Sperm Count Zero - wwilson
https://www.gq.com/story/sperm-count-zero
======
phoschore
It's probably a combination of ibuprofen and birth control pills tainting the
water supply enough to result in horomonal signaling.

It's weird, because you look back to 40 years ago, and the lack of gender
dysphoria didn't seem nearly as prevalent, and I don't think that's because of
pressure to enforce social conformity. I must admit, the plastic surgery
didn't exist, and maybe we're worse for having it.

It's possible that perception has simply been altered by the internet's
capacity to surface specialty subcultures, but even so, I feel like it's a
really, _really_ strange thing for so many men these days to push as hard as
they do to live as women.

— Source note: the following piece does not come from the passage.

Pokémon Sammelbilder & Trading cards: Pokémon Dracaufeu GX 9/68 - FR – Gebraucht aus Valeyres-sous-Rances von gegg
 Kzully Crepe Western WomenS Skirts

And it really does seem like there's a lot more
traffic heading in that direction and not the reverse.

So it would make sense to me, that part of this gradient of diffusion is also
other reproductive system problems. There's probably a wide grey zone of
infertility without gender dysphoria, and the higher rates of gender dysphoria
are the extreme cases of the root cause of male infertility.

It would make sense to me if it works out this way, although, I am uncertain
that these are really the facts.

I just don't remember people being like this, the way things are now. The
1970's had a lot going on, and then we saw promiscuity kill up to 50,000
annualy when AIDS hit. Now, higher rates of gender dysphoria and infertility,
so what gives?

------
hsienmaneja
Thankful that I have no plans to reproduce.